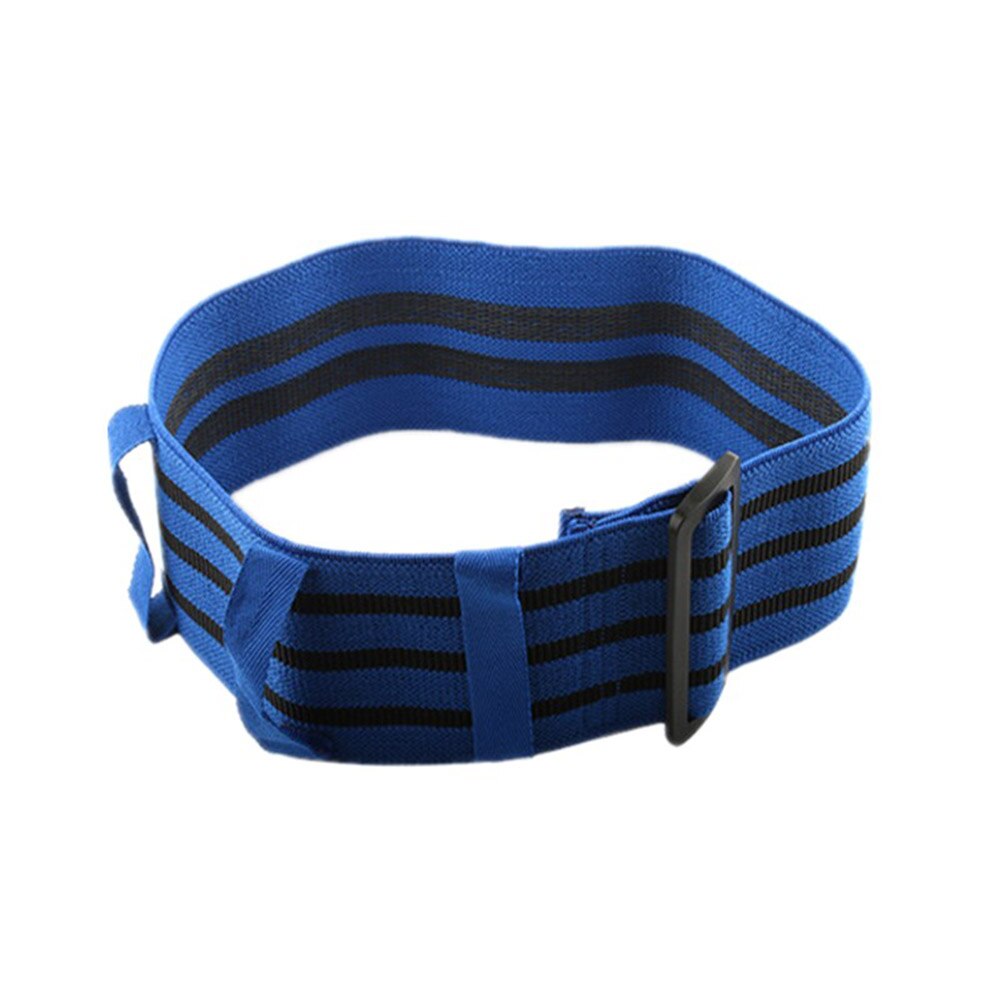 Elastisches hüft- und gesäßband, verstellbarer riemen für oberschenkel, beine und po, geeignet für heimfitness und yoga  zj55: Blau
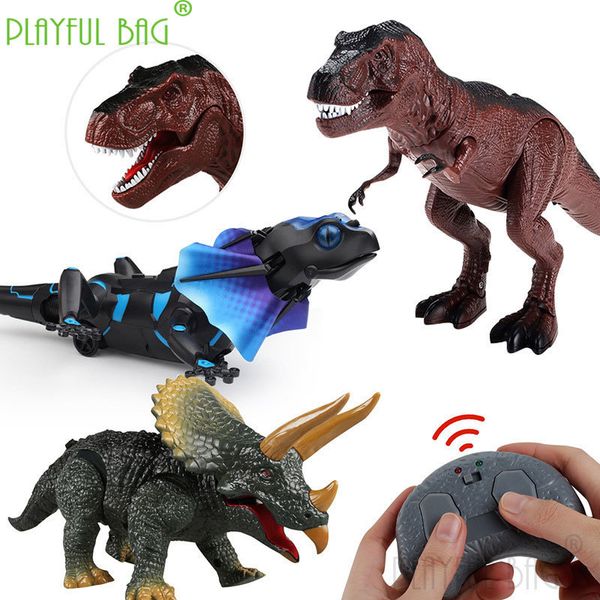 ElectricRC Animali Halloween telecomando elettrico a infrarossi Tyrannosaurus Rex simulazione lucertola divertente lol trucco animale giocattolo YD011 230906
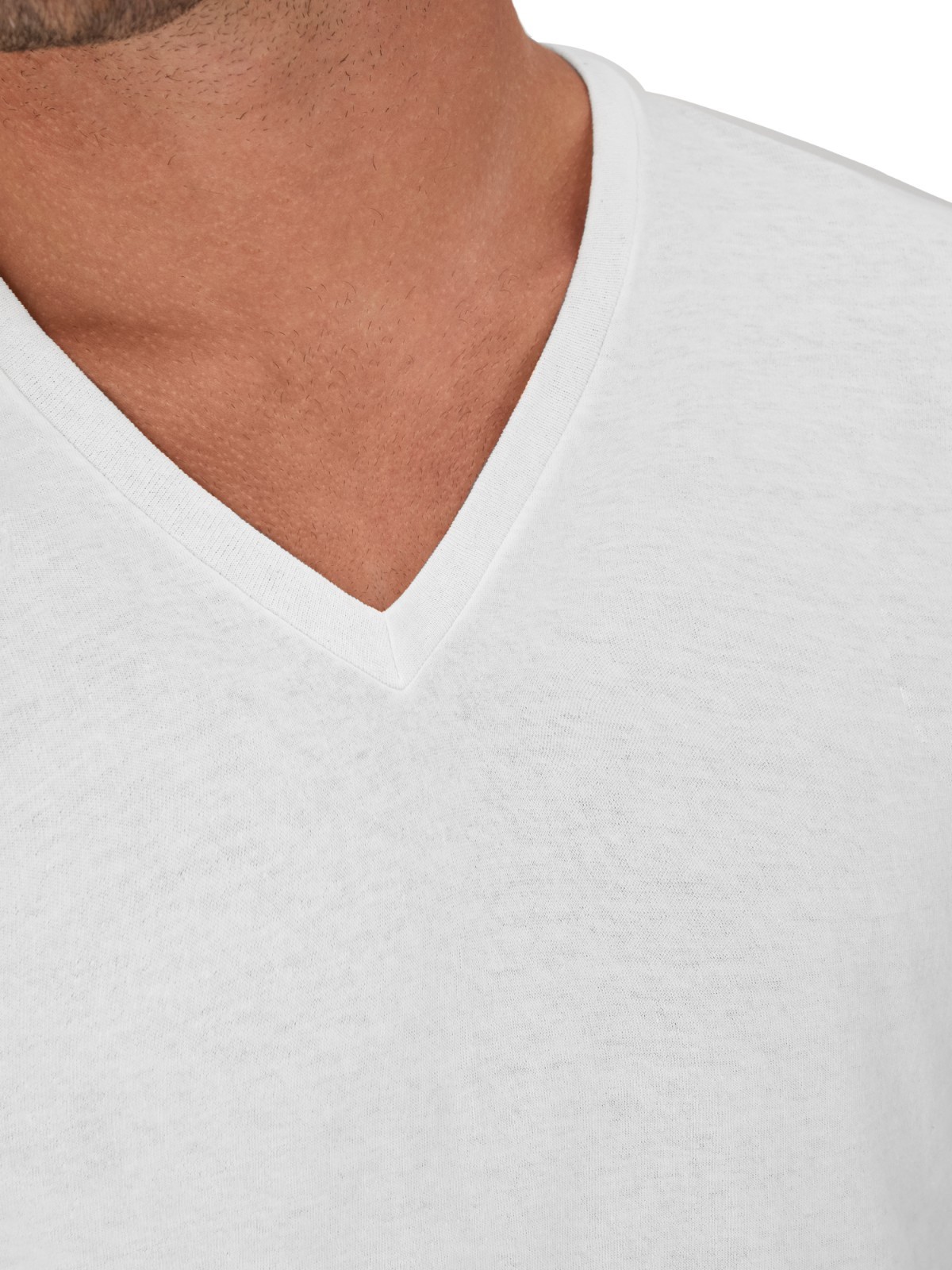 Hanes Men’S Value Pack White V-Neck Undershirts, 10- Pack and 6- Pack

**Assignment:**
Using the material above, set down every line exactly, but skip the pictures.

**Written solution:**
 Elastisches hüft- und gesäßband, verstellbarer riemen für oberschenkel, beine und po, geeignet für heimfitness und yoga  zj55: Blau
 ElectricRC Animali Halloween telecomando elettrico a infrarossi Tyrannosaurus Rex simulazione lucertola divertente lol trucco animale giocattolo YD011 230906
 Hanes Men’S Value Pack White V-Neck Undershirts, 10- Pack and 6- Pack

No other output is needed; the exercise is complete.